LLM Providers
Core reference

LLM Providers: OpenAICompatibleLLM

The OpenAICompatibleLLM is the most versatile provider within the jazzmine framework. While named after OpenAI, it implements the industry-standard "Chat Completions" API protocol. This allows it to function as a "Universal Adapter" for any model provider that adheres to this standard, including official OpenAI services, high-performance cloud providers like Groq or Together AI, and local inference servers like Ollama or vLLM.

1. Behavior and Context

In the jazzmine architecture, this class acts as the primary bridge to modern Large Language Models.

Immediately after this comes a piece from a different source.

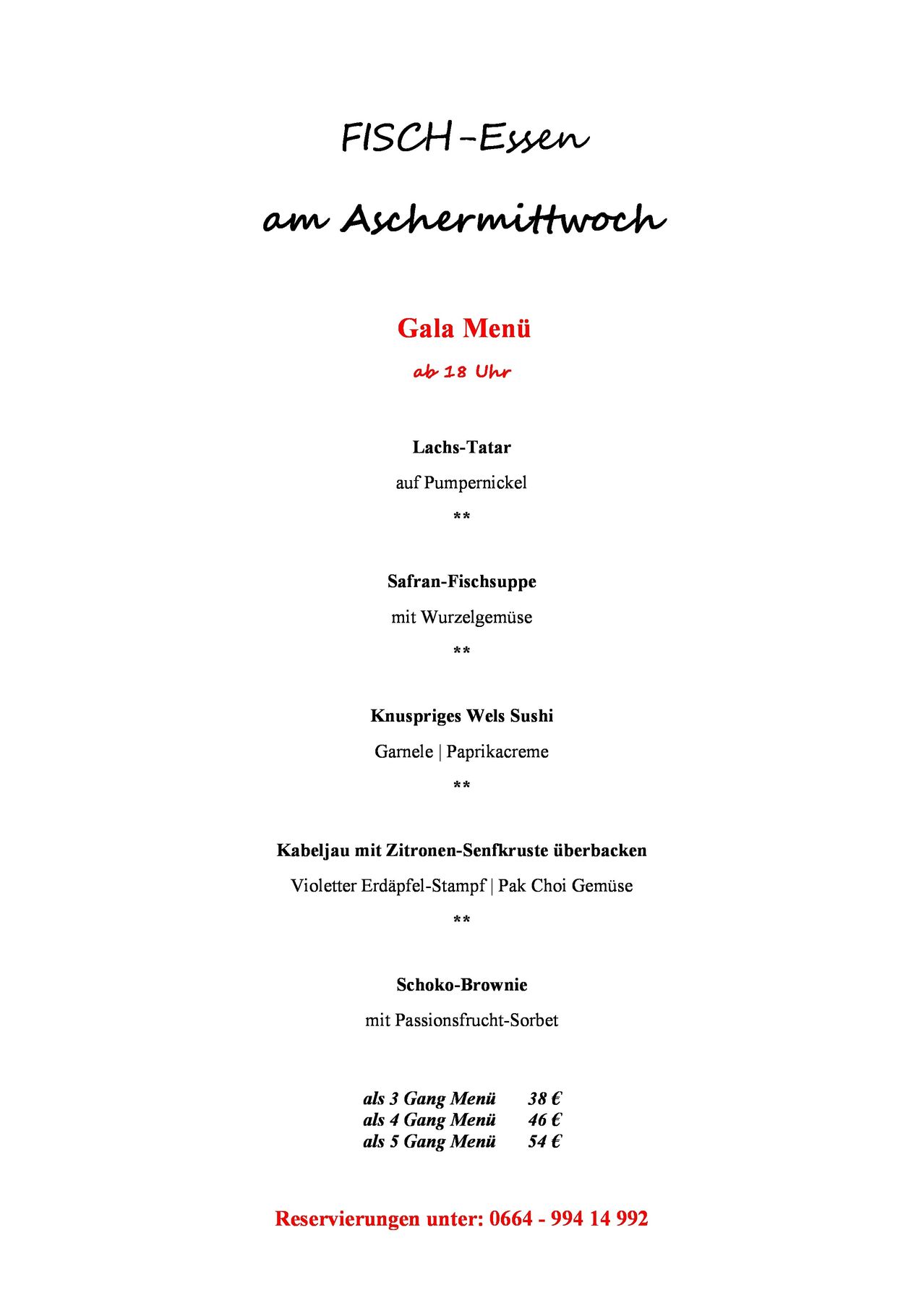 Ein Menü vom Aschermittwoch beinhaltet Lachs-Tatar auf Pumpernickel, Safran-Fischsuppe mit Wurzelgemüse, Knuspriges Wels Sushi mit Gamele und Paprikacreme, Kabeljau mit Zitronen-Senf-Kruste und Schoko-Brownie mit Passionsfrucht-Sorbet. Drei-Gänge-Menü für 38 Euro.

  • Networking: It utilizes the httpx library to manage high-performance synchronous and asynchronous connection pools.
  • Protocol: It communicates over HTTP/JSON with the /v1/chat/completions endpoint.
  • Flexibility: Because many modern AI tools mimic OpenAI's API structure, this single class enables an agent to switch from a cloud-hosted GPT-4 to a locally-hosted Llama-3 by simply changing a URL.

2. Purpose

  • Standardization: Use the same interface for local development (Ollama) and production deployment (OpenAI).
  • Performance: Leverages HTTP/2 and async I/O to handle real-time token streaming and concurrent message processing.
  • Abstraction: Automatically handles JSON payload construction, headers, and response parsing, including token usage normalization.

3. High-Level API Examples

Example: Connecting to OpenAI

python
from jazzmine.core.llm import OpenAICompatibleLLM

# Standard OpenAI setup
llm = OpenAICompatibleLLM(
    model="gpt-4o",
    api_key="sk-...",
    base_url="https://api.openai.com",
    temperature=0.0,
    timeout=30.0
)

# Ollama serves an OpenAI-compatible API at port 11434
llm = OpenAICompatibleLLM(
    model="llama3.1",
    api_key="ollama", # Ollama doesn't require a key, but a placeholder is needed
    base_url="http://localhost:11434",
    timeout=60.0
)

4. Detailed Functionality

__init__(api_key, base_url, chat_endpoint, ...)

Functionality: Configures the communication parameters and initializes the underlying HTTP clients.

Parameters:

ParameterTypeDefaultDescription
api_keystrRequiredSecret key for the Bearer token authorization.
base_urlstrRequiredThe root URL of the API (e.g., https://api.openai.com).
chat_endpointstr"/v1/chat/completions"The specific path for chat completions.
top_pOptional[float]NoneNucleus sampling parameter.

generate / agenerate

Functionality: Sends a full conversation history to the model and waits for a complete response.

How it works:

  • Assembles a JSON payload including model, messages, temperature, and max_tokens.
  • Sends a POST request to the configured endpoint.
  • Calculates latency and parses the JSON response using normalize_usage to ensure consistent token metrics.

stream / astream

Functionality: Maintains an open connection and yields tokens as they are generated by the model.

How it works:

  • Enables "stream": true in the request payload.
  • Iterates over the server-sent events (SSE).
  • Filters out metadata lines and the [DONE] signal, yielding only the incremental text found in choices[0].delta.content.

_handle_request_error(e) [Internal]

Functionality: Maps low-level httpx exceptions to jazzmine errors.

Mappings:

  • httpx.TimeoutException → LLMTimeoutError
  • httpx.RequestError → LLMConnectionError

5. Error Handling

  • HTTP 429 (Rate Limit): Specifically caught and raised as LLMRateLimitError.
  • HTTP 5xx (Server Error): Raised as LLMInternalError with the raw response body included for debugging.
  • Response Validation: If the JSON response is missing the expected choices array (common in some proxy environments), the parser will raise an LLMInternalError or KeyError depending on the provider's output.

6. Remarks

  • Trailing Slashes: When providing a base_url, ensure you do not include the /v1/chat/completions suffix unless you are also overriding the chat_endpoint parameter.
  • Top-P Sampling: If top_p is provided in the constructor, it is included in every request. Use this instead of temperature if you prefer nucleus sampling.
  • Resource Management: This class maintains both a client (sync) and an aclient (async). Always use the context manager or call await llm.aclose() to ensure both pools are terminated.